What needs to be done
Take the lines below from the one with "Geregistreerde zuster RN" through the one with "Afbeelding regenboog met regen" and retype them exactly. Include nothing else, and no pictures.
━━━ Material to process
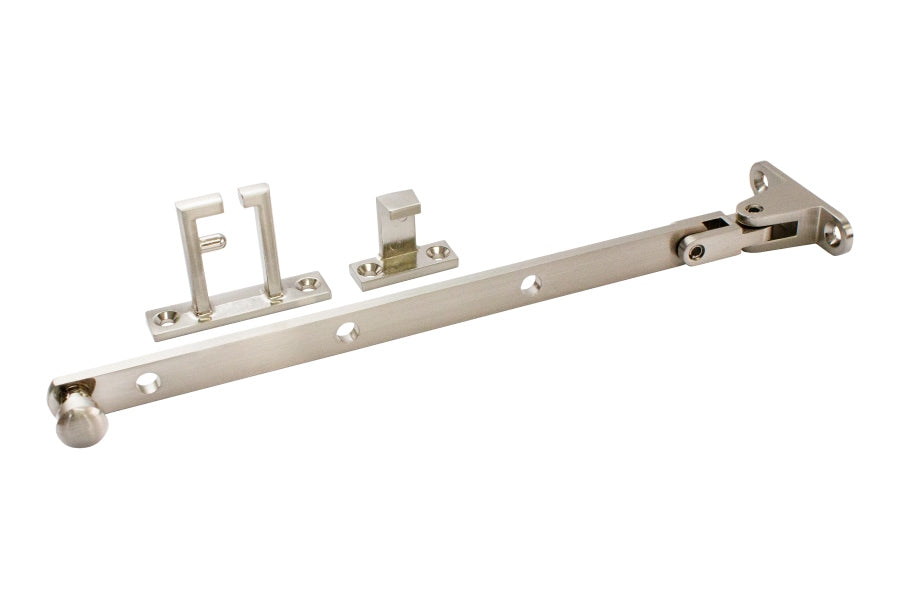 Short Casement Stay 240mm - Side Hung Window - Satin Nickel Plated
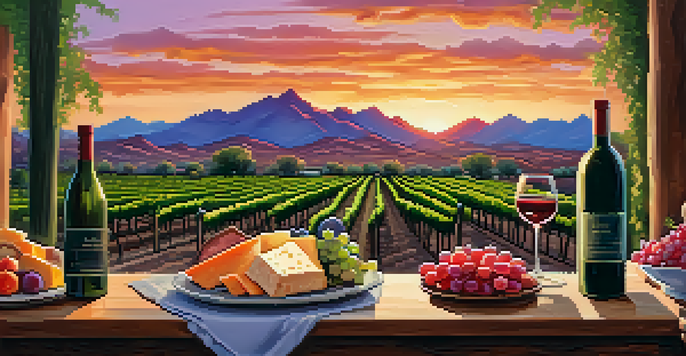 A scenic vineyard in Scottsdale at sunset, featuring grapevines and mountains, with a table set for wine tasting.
━━━━━━
━━━ Material to process
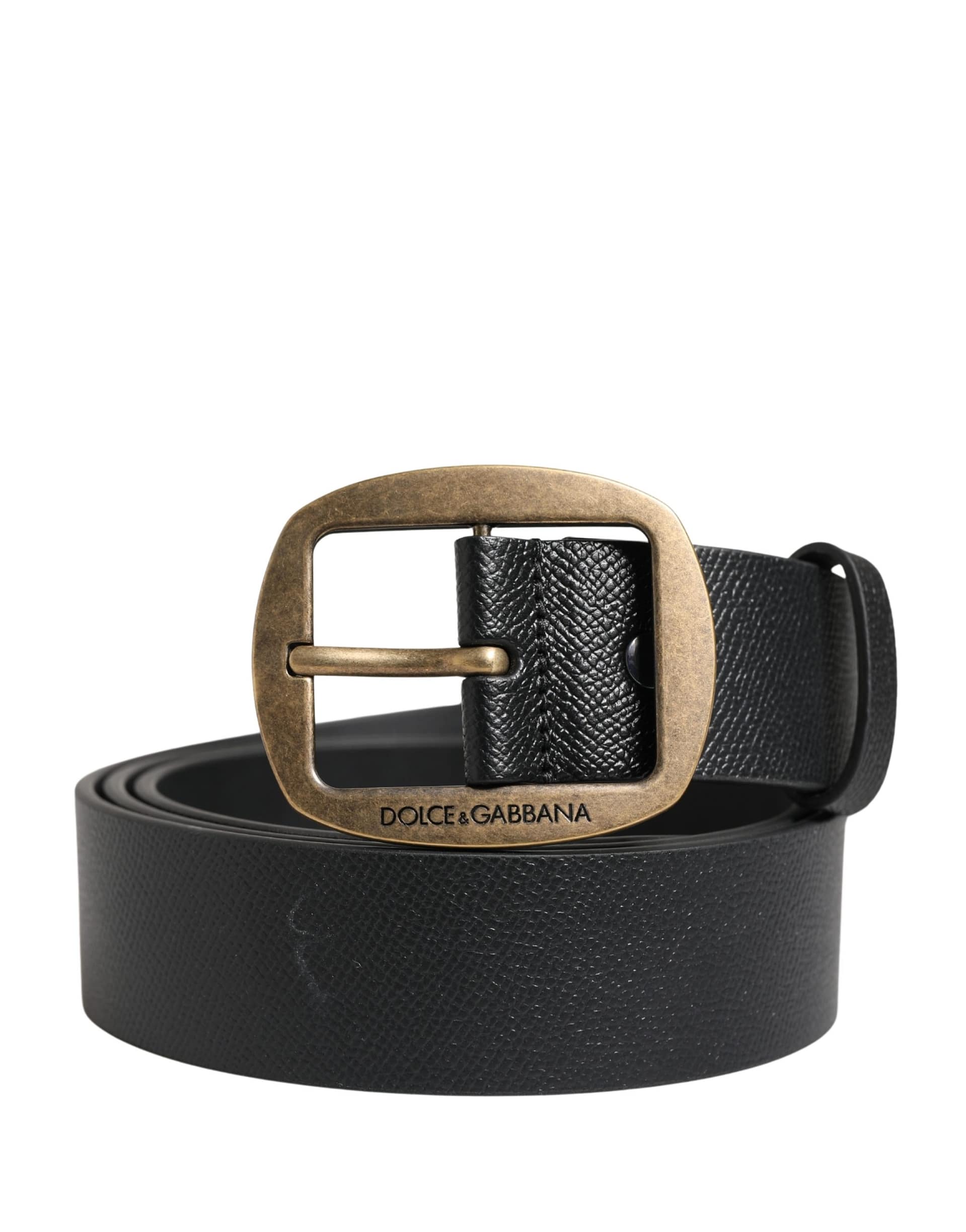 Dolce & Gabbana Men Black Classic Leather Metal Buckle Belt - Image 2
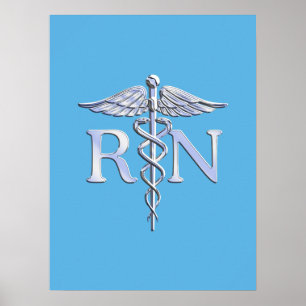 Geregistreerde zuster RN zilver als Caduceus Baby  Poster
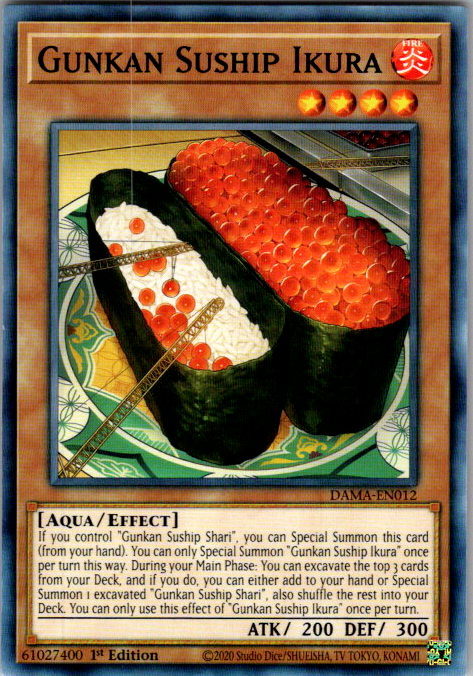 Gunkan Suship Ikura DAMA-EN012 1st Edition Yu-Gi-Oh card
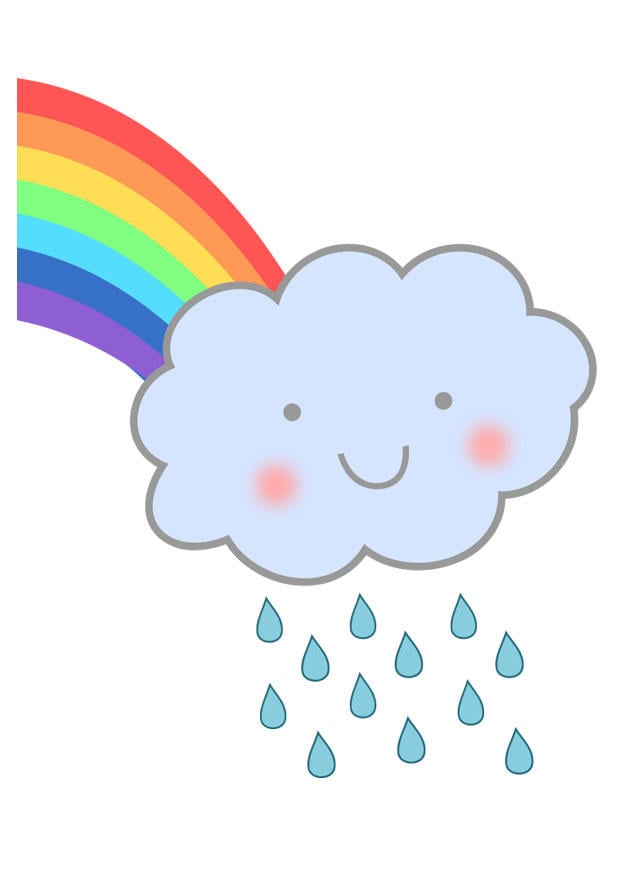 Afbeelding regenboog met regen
━━━━━━
Written answer
 Geregistreerde zuster RN zilver als Caduceus Baby  Poster
 Gunkan Suship Ikura DAMA-EN012 1st Edition Yu-Gi-Oh card
 Afbeelding regenboog met regen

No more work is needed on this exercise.